Suillus granulatus is a pored mushroom of the genus Suillus in the family Suillaceae. It is similar to the related S. luteus, but can be distinguished by its ringless stalk. Like S. luteus, it is an edible mushroom that often grows in a symbiosis (mycorrhiza) with pine. It has been commonly known as the weeping bolete,[2] or the granulated bolete.[3]


Suillus granulatus was first described by Carl Linnaeus in 1753 as a species of Boletus.[4] It was given its current name by French naturalist Henri François Anne de Roussel when he transferred it to Suillus in 1796.[1] Suillus is an ancient term for fungi, and is derived from the word "swine". Granulatus means "grainy" and refers to the glandular dots on the upper part of the stem.[5][6] However in some specimens the glandular dots may be inconspicuous and not darkening with age;[7] thus the name S. lactifluus, "oozing milk" was formerly applied to this form as it is not notably characterized by glandular dots.[6]


Suillus granulatus showing 'milky droplets' on pores.

The orange-brown, to brown-yellow cap is viscid (sticky) when wet, and shiny when dry, and is usually 3 to 9 cm in diameter. The stem is pale yellow, of uniform thickness, with tiny brownish granules at the apex. It is without a ring. The tubes and pores are small, pale yellow, and exude pale milky droplets when young. The flesh is also pale yellow.

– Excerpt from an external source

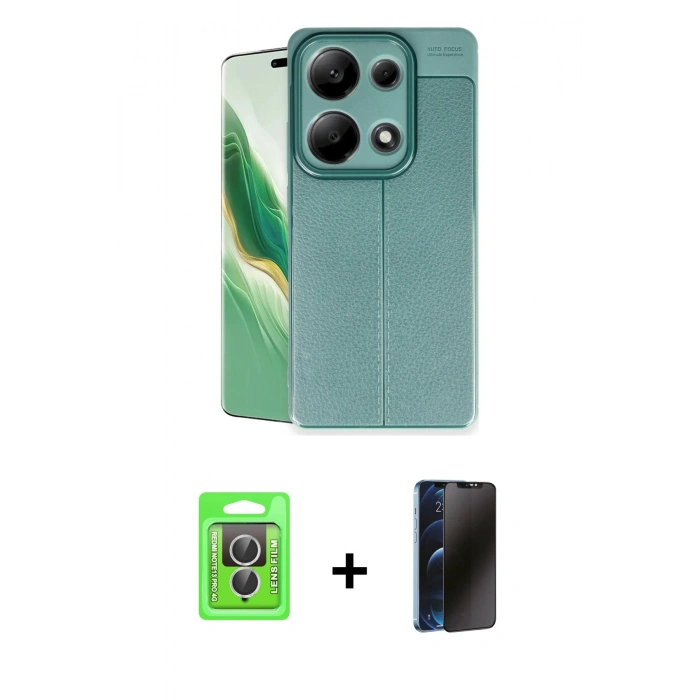 MARSİLYAN™- Redmi Note 13 Pro 4G Kılıf Doruk Klasik Özel Seri - Siyah 3D Antistatik Hayalet Cam Ekran Koruyucu + Raze Metal Kamera Lens - GS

Suillus granulatus is often confused with Suillus luteus, which is another common and widely distributed species occurring in the same habitat. S. luteus has conspicuous a partial veil and ring, and lacks the milky droplets on the pores.[8] Also similar is Suillus brevipes, which has a short stipe in relation to the cap, and which does not ooze droplets from the pore surface.


Bioleaching is the industrial process of using living organisms to extract metals from ores, typically where there is only a trace amount of the metal to be extracted. It has been found that Suillus granulatus can extract trace elements (Titanium, Calcium, Potassium, Magnesium and Lead) from wood ash and apatite.[9]

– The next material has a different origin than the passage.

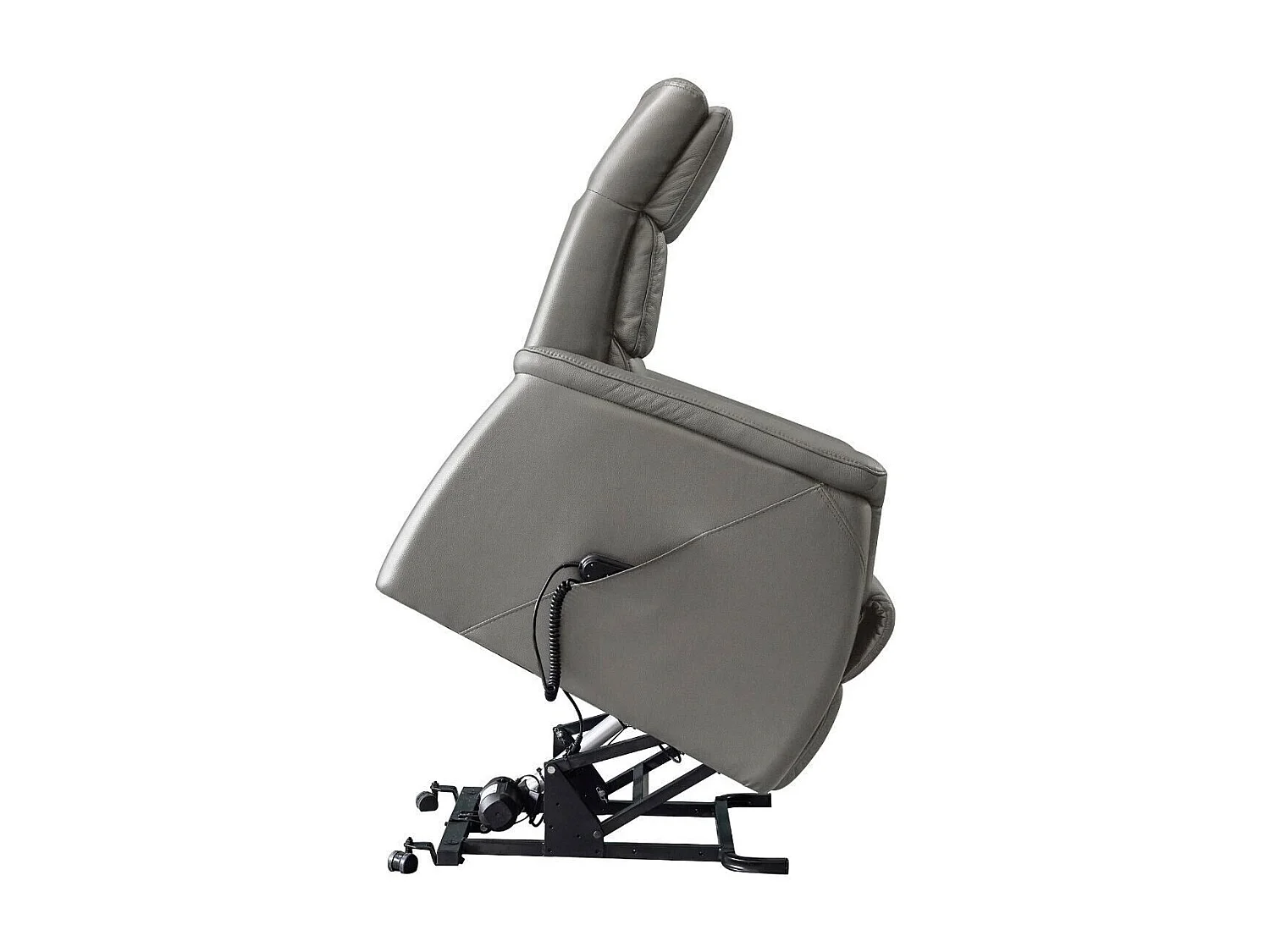 Fauteuil relax releveur en cuir vachette taupe - MILLOR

Distribution and habitat[edit]

Grows with Pinus (pine trees) on both calcareous and acid soils, and sometimes occurs in large numbers. Suillus granulatus is the most widespread pine-associating Suillus species in warm climates.[10] It is common in Britain, Europe, and North America. It is associated with Japanese red pine (Pinus densiflora) in South Korea.[8] A native to the Northern Hemisphere, the fungus has been introduced into Australia under Pinus radiata. It is also found in Africa, New Zealand, Hawaii, and southern Chile.[11]


Suillus granulatus is edible and fair. Like all Suillus species, the tubes are best removed before cooking. It is sometimes included in commercially produced mushroom preserves. Has been known to cause mild stomach upsets. The fruit bodies—low in fat, high in fiber and carbohydrates, and a source of nutraceutical compounds—can be considered a functional food.[12]

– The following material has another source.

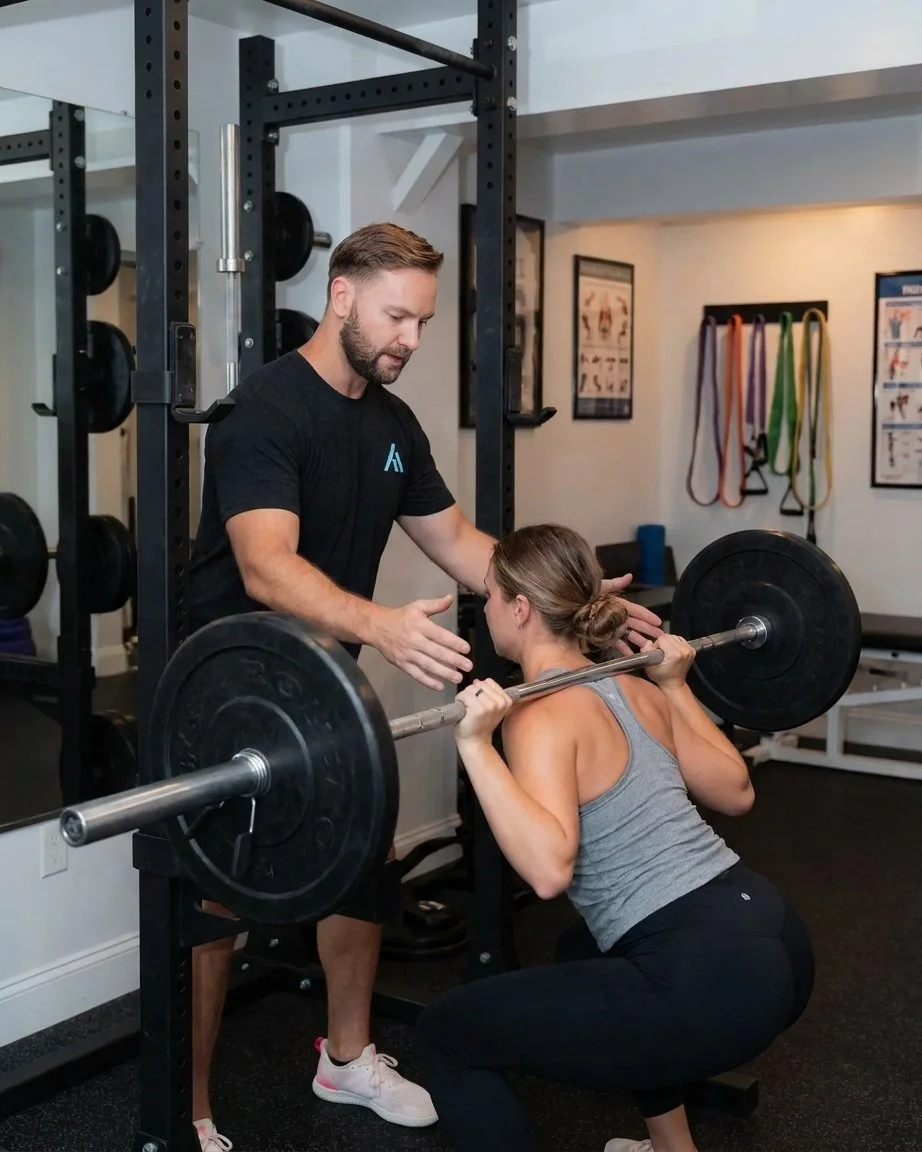 Patient working with a provider at a sports physical therapy and strength training clinic in Mount Pleasant, SC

Suillus granulatus sometimes causes contact dermatitis to those who handle it.

See also[edit]


  • R.Phillips-Mushrooms 2006
  • Marcel Bonn-Mushrooms and Toadstools of Britain and North West Europe.
  1. ^ a b "GSD Species Synonymy: Suillus granulatus (L.) Roussel". Species Fungorum. CAB International. Missing or empty |url= (help)
  2. ^ Eppinger M. (2006). Field Guide to Mushrooms and Other Fungi of Britain and Europe. New Holland Publishers. p. 38. ISBN 978-1-84537-474-7.
  3. ^ McKnight VB, McKnight KH (1987). A Field Guide to Mushrooms: North America. Peterson Field Guides. Boston, Massachusetts: Houghton Mifflin. p. 208. ISBN 978-0-395-91090-0.
  4. ^ Linnaeus C (1753). "Tomus II". Species Plantarum (in Latin). Stockholm: Laurentii Salvii. p. 1177.
  5. ^ O'Reilly, Pat. "Fascinated by Fungi". First Nature. Retrieved 26 October 2018.
  6. ^ a b Kuo, Michael. "Suillus granulatus". Mushroom Expert. Retrieved 26 October 2018.
  7. ^ Kuo, Michael. "The Genus Suillus". Mushroom Expert. Key 83. Retrieved 26 October 2018.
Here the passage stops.